Akla ilk gelen iklim değişikliğinin küresel ekonomiyi veya tüketici alışkanlıklarını doğrudan etkilemesi. Ancak ben biraz daha kulağı tersten göstererek çevrenin nasıl para edeceğini değişik bir açıdan açıklamak istiyorum. 

Ekonomi kendisine her zaman bir rekabet unsuru yaratmak zorunda. Gelinen süreç bize bunu gösteriyor. Bir zamanlar, kapasite-üretim her şey demekti. En çok üretebilen markalar ilk sırada yer alıyordu. Sonra talebe göre üretim yapmak kıymetli oldu. Bugün bunlar da yetmemeye başladı.. Çünkü herkes hemen hemen aynı noktada. Teknolojiler belirli bir seviyeye geldi. Peki herkes belirli bir noktaya geldiyse farklılık veya rekabet nasıl yaratılacak?  

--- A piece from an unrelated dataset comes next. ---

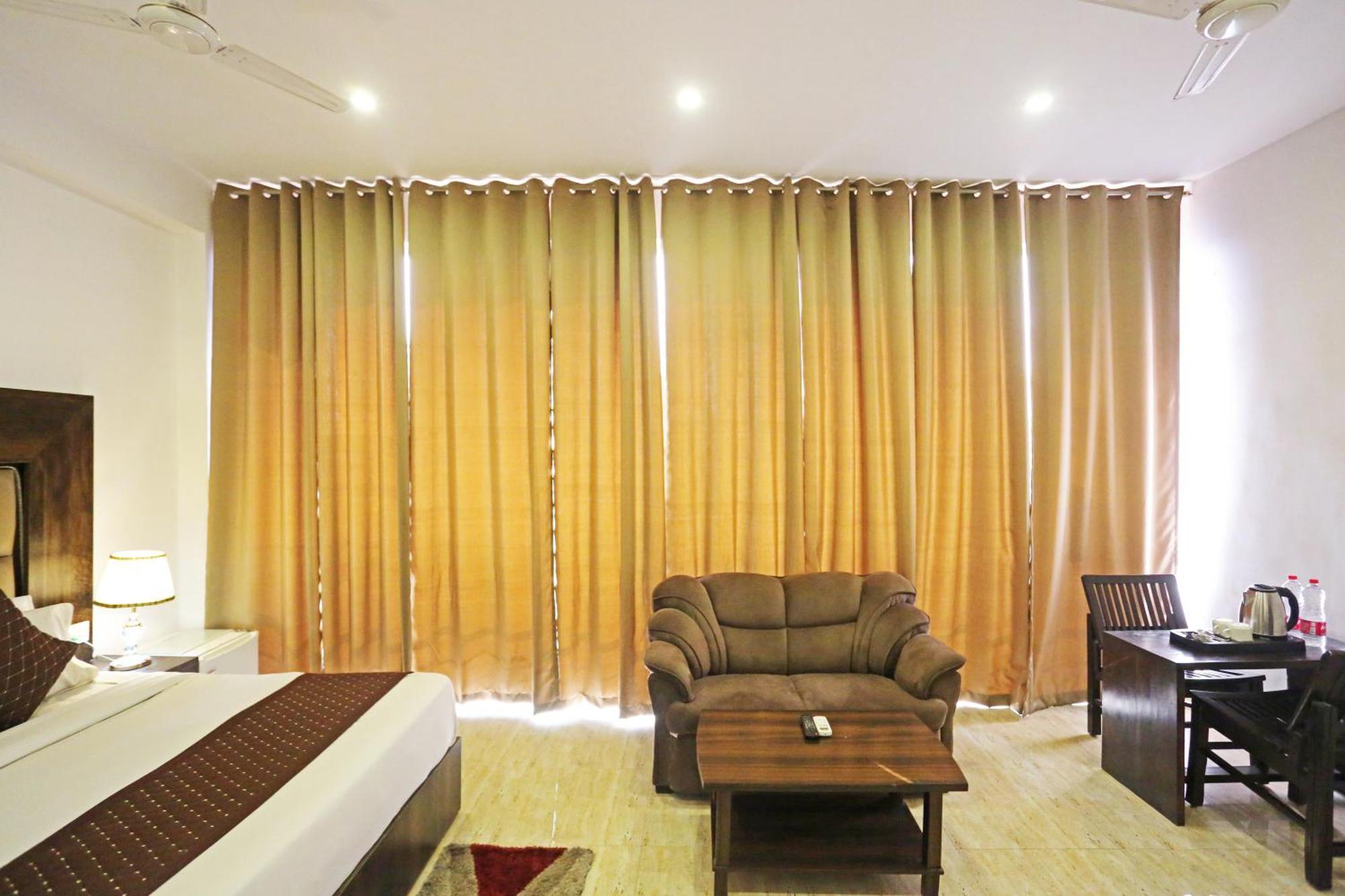 Hotel De Kiara Near The Airport Of Delhi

Yeni rekabet çıtası, yine bir adım önde olan firmalar ve ülkeler tarafından konuluyor. Bu çıta ekonominin bütününe nüfuz etmeye başlıyor. Sizlere ilk bakışta çok da anlamlı gelmeyen unsurlar eninde sonunda karşınıza çıkıyor. 

Burada dikkat edilmesi gereken bu oyunun kural koyucularının neler yaptığının ve nihai hedeflerinin iyi okunması. Siz de bu oyunun parçası iseniz oyunu kurallarına göre oynamanız ve günü geldiğinde oyunun kuralarını koyacak kadar güçlenmeniz gerekiyor.

Aslına bakarsanız ülkelerin çevre ile ilgili kanunları koyması, anlaşmalara imza atması önemli ama ekonominin genel akışı içinde çok belirleyici değil. Günümüzde devletlerden daha büyük hale gelen global şirketler var. Bunların eğilimi her şeyi doğrudan etkiliyor. Ve bu firmalar ısrarla çevreci ve sürdürülebilir bir ekonomiden bahsediyor. Dikkat ederseniz global firmalar 1990’ların sonunda bu politikalara başladılar. Bugüne kadar da epey yol aldılar. Lafın kısası rekabette bir adım öne geçtiler.

Global markalar fabrikanıza giren araçların hangi Euro normuna sahip olmasından tutun da tükettiğiniz suya kadar her şeye karışıyorlar. Eğer onlarla iş yapmak istiyorsanız, onların kurallarına göre davranmanız gerekiyor.  İşin kötü tarafı oyunun kuralını siz belirlemiyorsunuz veya değiştiremiyorsunuz. İşin güzel tarafı her ne şartta olursa olsun çevrenin kazandığını bilmek.

Suyu para ile satın aldığımız günden beri havanın da bir gün paralı olabileceği günü kovalıyoruz. Dünya bir yere gidiyor ve bu momentumu görebilirsiniz. Karbon ayak izleri, karbon piyasaları, çevreci enerjiler, yeşil lojistik, sürdürülebilirlik tahmin ettiğinizden çok daha yanı başınızda.